Evidence-Based Arguments & Respectful Debate
🌿 Whakataukī (Māori Proverb)
"Ko te kōrero te kai a te rangatira."
Meaning: Communication is the food of leaders.
But leadership kōrero is not “loud” — it is clear, evidence-based, and mana-enhancing for everyone in the room.
🎯 Learning Objectives
By the end of this lesson, you will be able to:
- Structure an argument using claim + reasons + evidence + reasoning
- Identify assumptions and weak evidence
- Respond to counterarguments without disrespect
- Spot common logical fallacies in heated debates
- Use tikanga-based discussion norms (manaakitanga, listening, clarity)
📋 NZ Curriculum Alignment
English (L5): Create texts to persuade, justify, and argue using a range of language features.
Social Studies (L5-6): Use evidence to examine issues and participate in decision-making.
Key Competencies: Thinking; Relating to others; Using language, symbols, and texts.
🔥 Starter: Hot Take or Evidence? (10 mins)
As a class, sort statements into: Hot Take, Opinion with reasons, or Evidence-based claim.
Example A
“Schools should ban phones because they ruin learning.”
Example B
“Phone-free classes improve attention — our class off-task rate dropped when we trialled it.”
Example C
“Phones are fine — people who complain are just old.”

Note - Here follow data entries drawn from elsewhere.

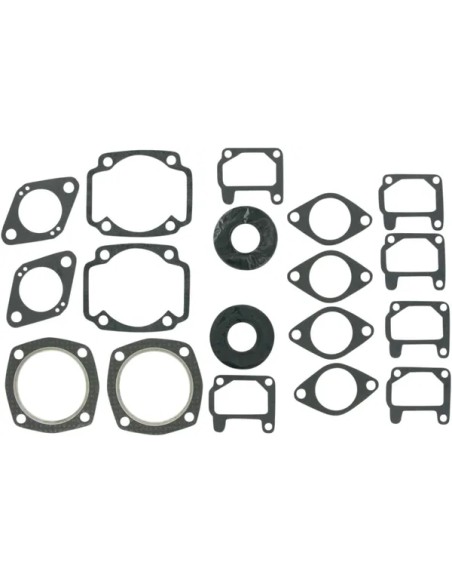 VERTEX Dichtungen & Öldichtungen für ARCTIC CAT PANTHER 440 1971-1975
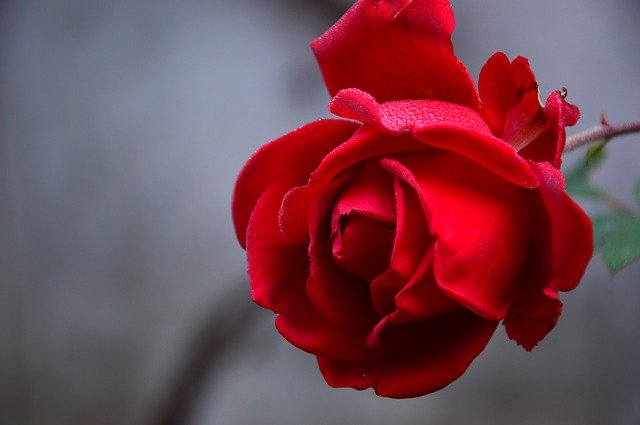 IMG_1289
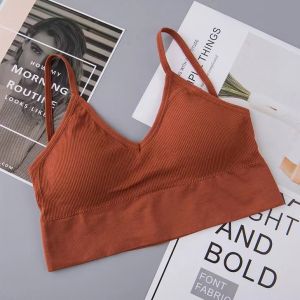 READY STOCK👑ES 179 Women singlet lingerisportseamlessyogajoggingbreastfeedingmaternity bra大U美背无缝女士裹胸抹胸打底内搭外穿少女无钢圈背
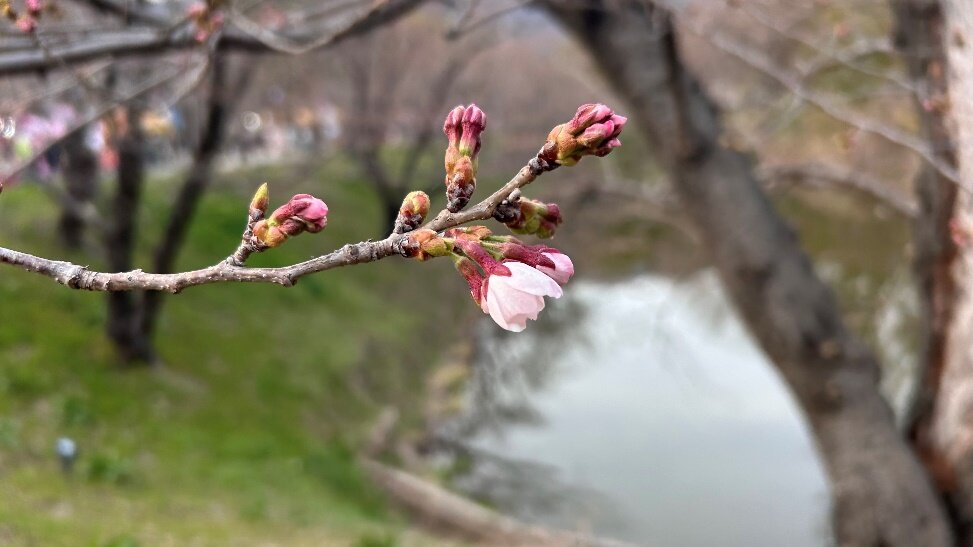 ソメイヨシノは蕾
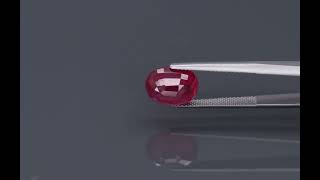 MVI 4684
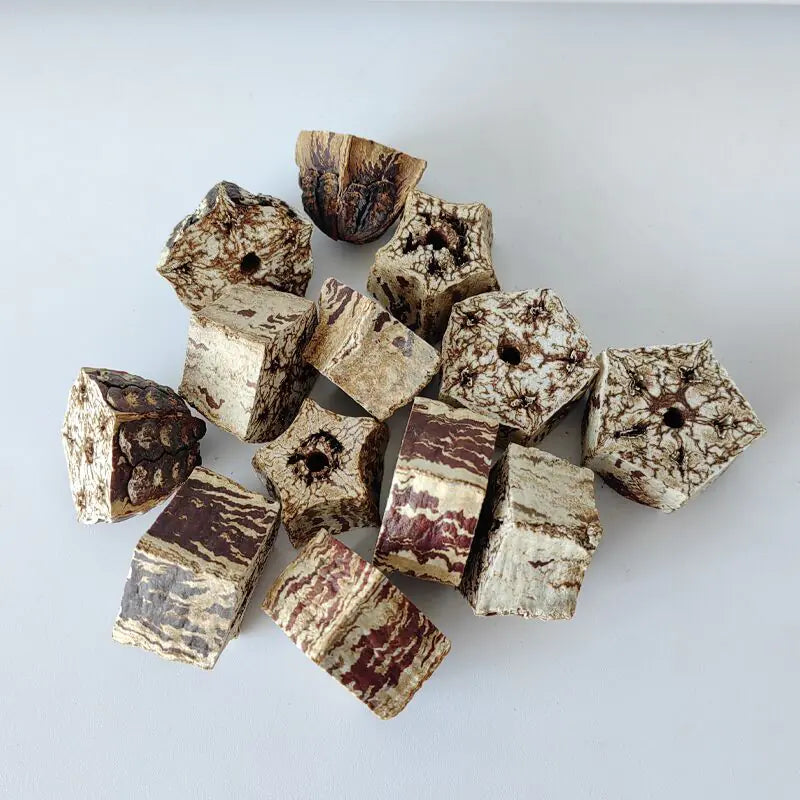 Bird Chew Toys and Decor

Challenge: What evidence would strengthen the weak statements?
🧱 Explore: What Makes an Argument Strong?
CER / PEEL Quick Guide
- Claim / Point: What are you saying?
- Evidence / Example: What proves it?
- Reasoning / Explain: How does the evidence support the claim?

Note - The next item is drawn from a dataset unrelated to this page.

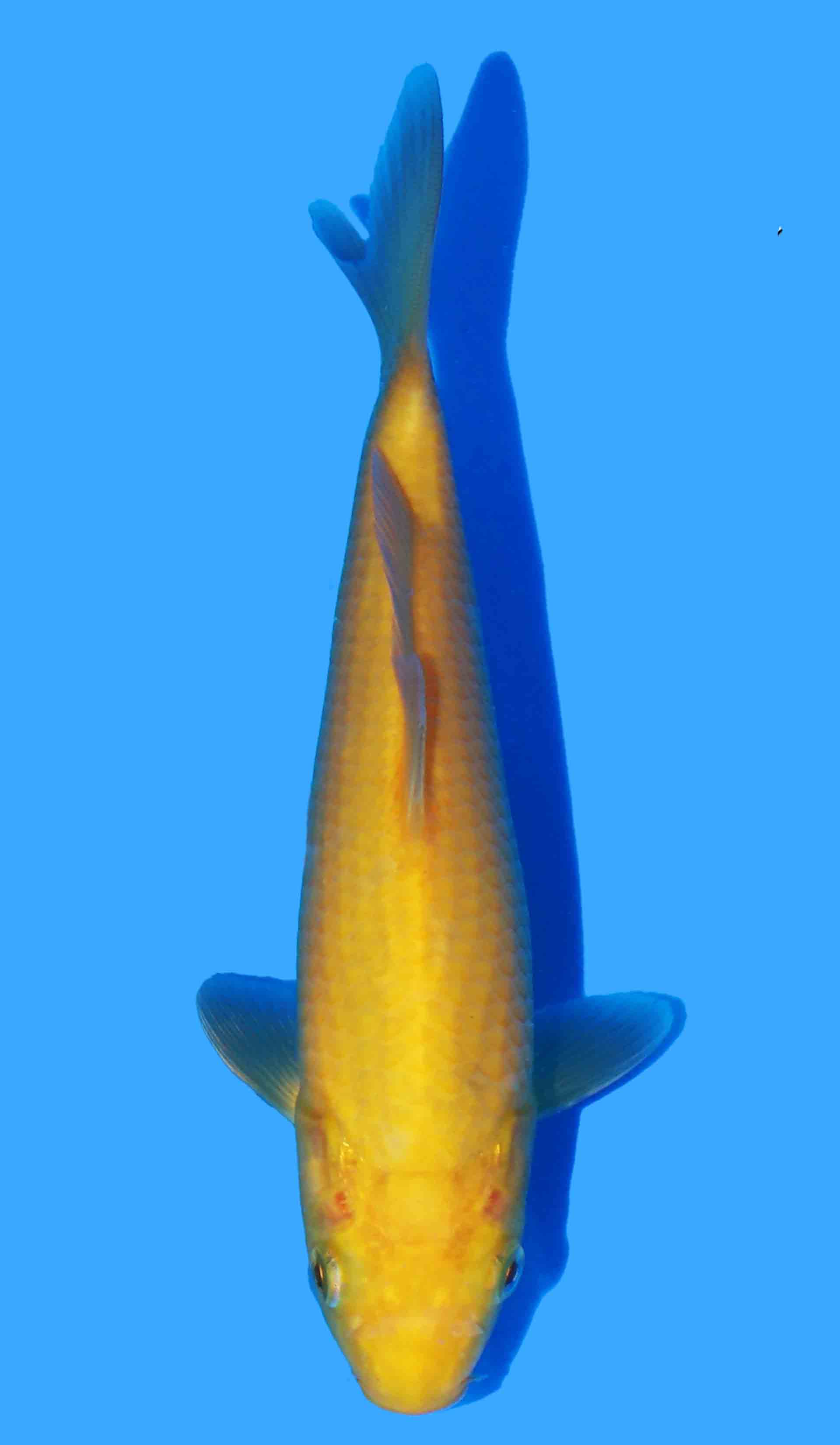 Karashigoi (Sakai x Konishi Bloodline)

- Link: Connect back to the question and values.
Reminder: Evidence is not only “numbers”. It can be credible testimony, reports, data, and lived experience — but you must be transparent and respectful about whose voice it is.
🧪 Activity 1: Build an Argument from Research (20 mins)
Use your sources from Lesson 7 to write one strong argument paragraph.
Argument Paragraph Checklist
- Clear claim + reason
- At least 2 pieces of evidence (with source details)
- Reasoning that explains the evidence (not just repeats it)
- One sentence acknowledging a counterargument
Fallacy help: Logical Fallacies Detection Guide
🗣️ Activity 2: Structured Disagreement (20 mins)
Fishbowl / Structured Academic Controversy
- Round 1: Side A speaks (2 mins), Side B listens and paraphrases.
- Round 2: Swap roles.
- Round 3: Identify shared ground and what evidence is missing.
Norms: Attack ideas, not people. Ask questions. Use “I think… because…” not “Everyone knows…”.
🤔 Reflect & Connect (5 mins)
- What did you do today that showed manaakitanga during disagreement?
- Which part of your argument is strongest? Which needs better evidence?
- What is one fallacy you will watch for in future debates?